WASHINGTON, D.C.—Florida Secretary of State Cord Byrd said the Sunshine State’s new efforts to prosecute voter fraud are key to election security.
“Last year the governor championed the Office of Election Crimes and Security,” Byrd told The Daily Signal. “So, we are telling everybody we take our election law seriously.”
Byrd was in Washington this week for the annual meeting of the National Association of Secretaries of State.
Florida Gov. Ron DeSantis, a Republican, established the Office of Election Crimes and Security in August 2022, and since that time 20 people have been charged with election-related crimes.
However, DeSantis’ critics in the media and Democrats have slammed the unit, noting that some of those arrested were not convicted.
The Heritage Foundation’s Election Fraud Database topped 1,400 provable cases in January, several coming out of Florida. (The Heritage Foundation is the parent organization of The Daily Signal.)
Recent arrests include two convicted felons who illegally voted. Another man pleaded guilty after he changed the voter registration address of DeSantis on the state’s online voter registration database. Law enforcement officials traced the IP address back to him. Another man got a mail-in ballot for his late wife in the 2020 election and forged her name. These new cases, added to the database, ended in guilty pleas.
“We are investigating election fraud. It does happen. It is real,” Byrd said. “We are sending that message to honest people that you can trust your vote is being counted and not being diluted by a fraudulent vote, and telling the bad actors we are going to hold you accountable.”

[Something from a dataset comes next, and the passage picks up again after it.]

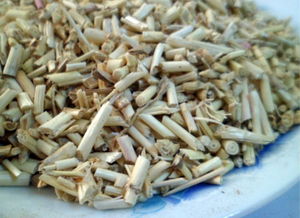 白茅根有什么作用与功效?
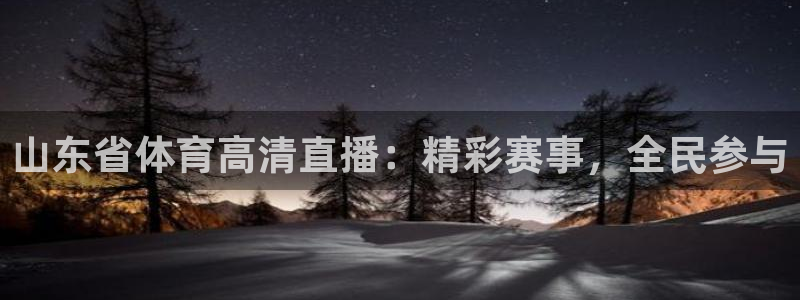 河豚体育直播cba免费下载：山东省体育高清直播：精彩赛事，全民参与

This month, the Florida state Legislature passed a bill to give a statewide prosecutor in Attorney General Ashley Moody’s office the authority to bring voter fraud charges. DeSantis requested the bill.
“It’s one of his No. 1 election integrity priorities. The surest way to undermine confidence in government is for a government not to enforce its laws,” Byrd said.
“For a long time, election laws—for whatever reason—they weren’t enforced,” he noted. “I don’t know if it was too complicated, it’s inherently political. The local state attorneys or prosecutors didn’t want to get involved. The governor and the Legislature decided our laws are meant to be enforced. We take it seriously and you’re not going to play games in Florida.”